Question

The Shortest Fence \(\mathrm{A} 216-\mathrm{m}^{2}\) rectangular pea patch is to be enclosed by a fence and divided into two equal parts by another fence parallel to one of the sides. What dimensions for the outer rectangle will require the smallest total length of fence? How much fence will be needed?

Short answer

The dimensions for the rectangle that will require the smallest total length of fence are 18m by 12m and the total fence required is 72m.

Step-by-step solution

Set up the function

Assign variables to the length and width of the rectangle, say \(x\) and \(y\) respectively. The area of the rectangle is given by the product of length times the width, \(x*y = 216\). Given that the rectangle is divided into two equal parts by a fence parallel to one side (assuming \(y\) side), the total length of fence is \(F = 2x + 3y\). We need F to be a function of a single variable, so we solve the area equation for \( y = 216 / x \) and substitute this into the function F.

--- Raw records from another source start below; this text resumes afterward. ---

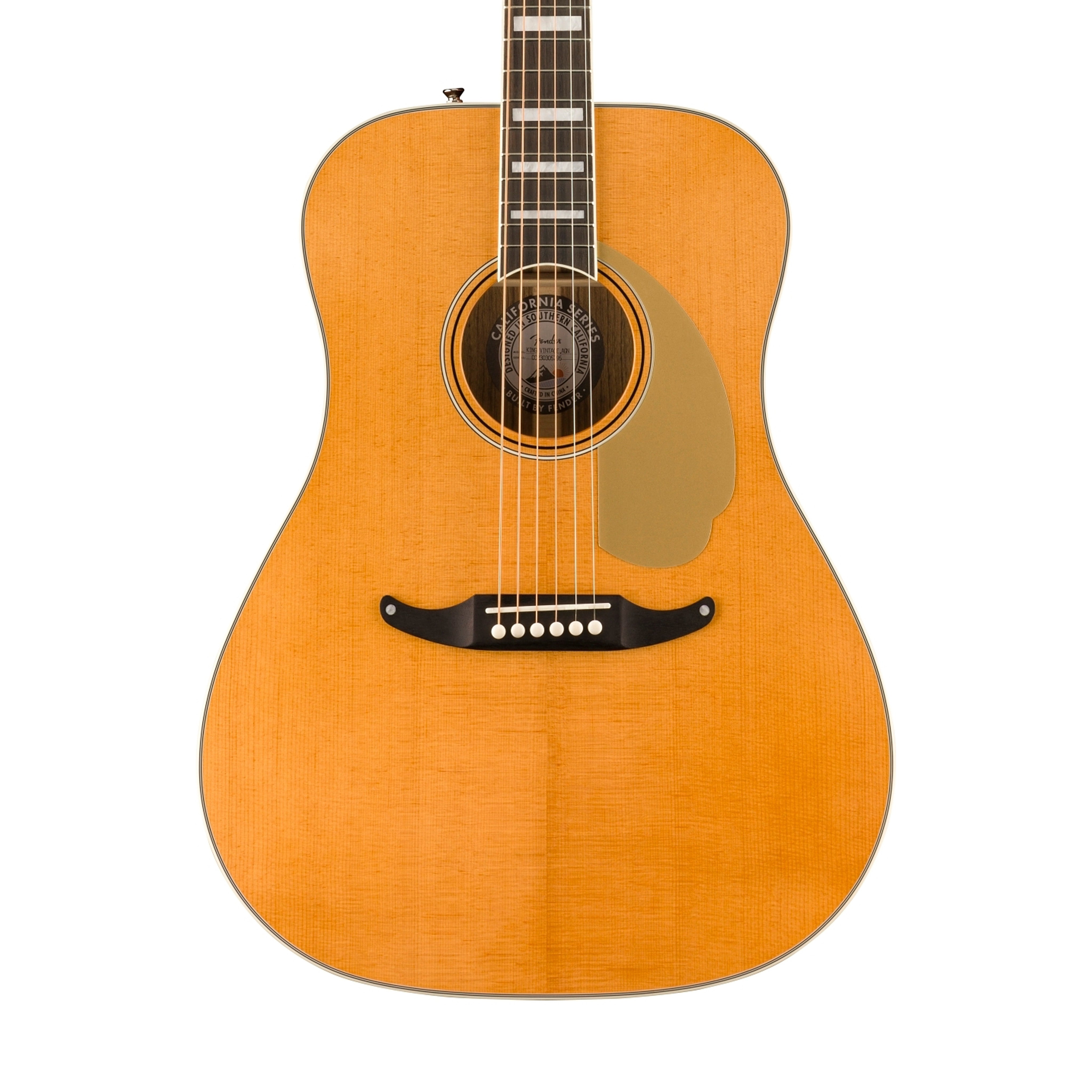 Fender King Vintage Acoustic Guitar w/Case, Aged Natural | Zoso Music Sdn Bhd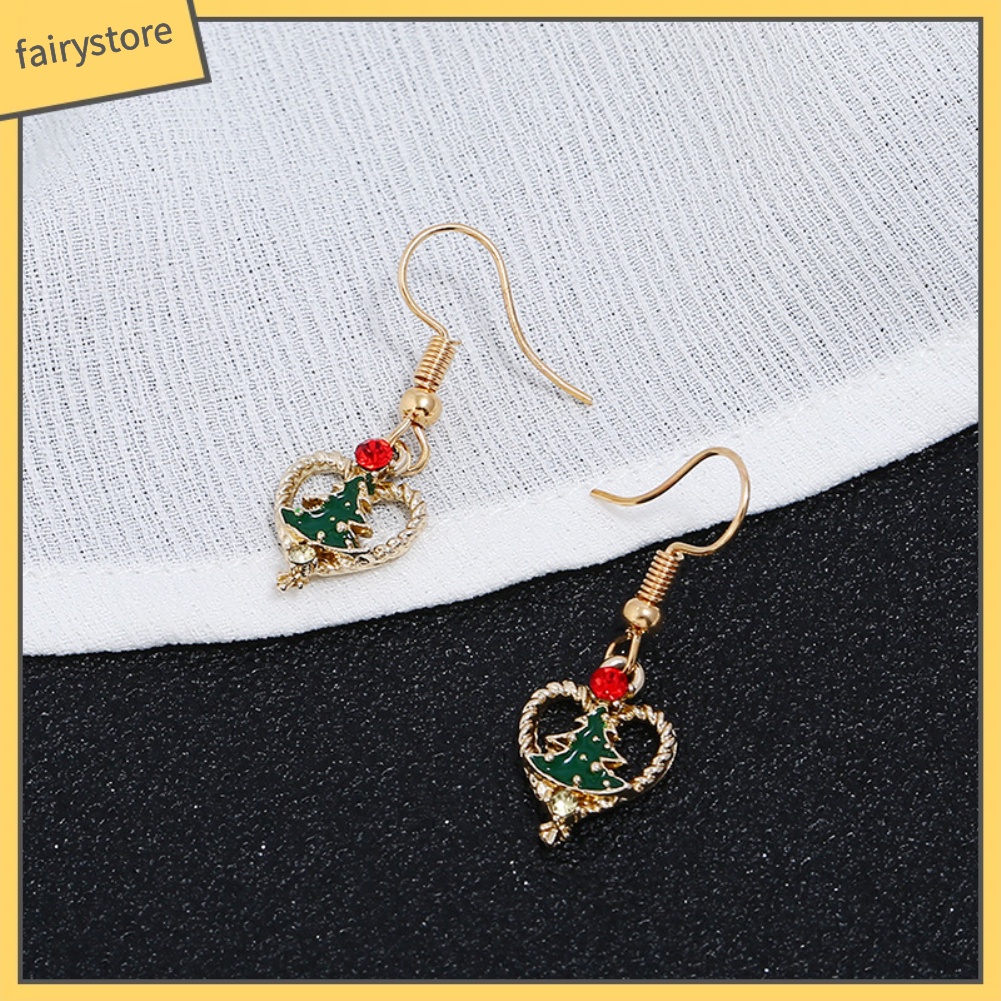 Bông Tai Hình Cây Thông Đính Đá Thời Trang Dành Cho Nữ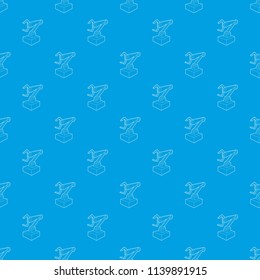 Robotic arm pattern vector seamless blue repeat for any use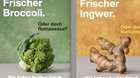 Sujets thematisieren die Ähnlichkeit unterschiedlichster Obst- und Gemüsearten und inszenieren die Verwechslungsgefahr über einen gewollten Irritationsmoment: ob Broccoli oder Romanesco, Ingwer oder Kurkuma…    (Bilder: Thjnk Zürich/Migros)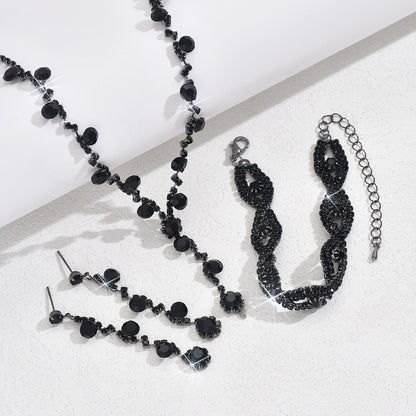 Fashion Crystal Necklace Ear Stud Bracelet Jewelry Accessories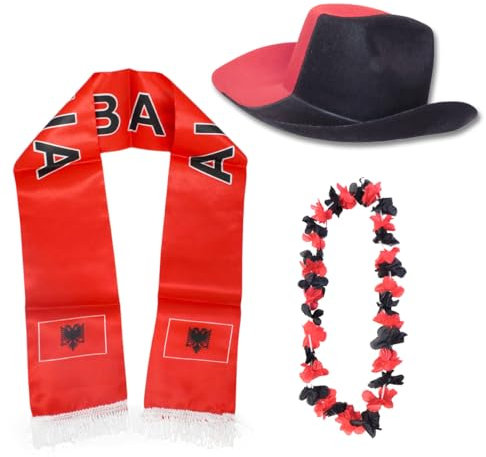 Sonia Originelli Fanset Fanartikel Fanhut Blumenkette Fanschal WM EM Farbe: Albanien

Find the derivative of the function

Now our function \(F(x) = 2x + 3(216 / x)\). To find out where this function is minimum, we need to find its critical points. These will happen where its derivative is zero or undefined. Derivate of the function \(F'(x) = 2 - 648/x^2 \).

Find the critical points

Setting the derivative equal to zero and solving for \(x\), we find that \(0 = 2 - 648/x^2 \). Solving this equation leads to \(x = \sqrt{324}\), which is \(x = 18\). Checking the end points, as x approaches 0, F goes to infinity. As x approaches infinity, F also goes to infinity. So, x = 18 is the only minima.

Substitute the value of \(x\) to find \(y\) and find the total length of fence

Substitute \(x = 18\) in width equation to find \(y = 216 / x = 12\). So, the dimensions of the rectangle that would require the smallest total length of fence are 18m by 12m. Total length of fence needed is \(F(18) = 2*18 + 3*12 = 72m\).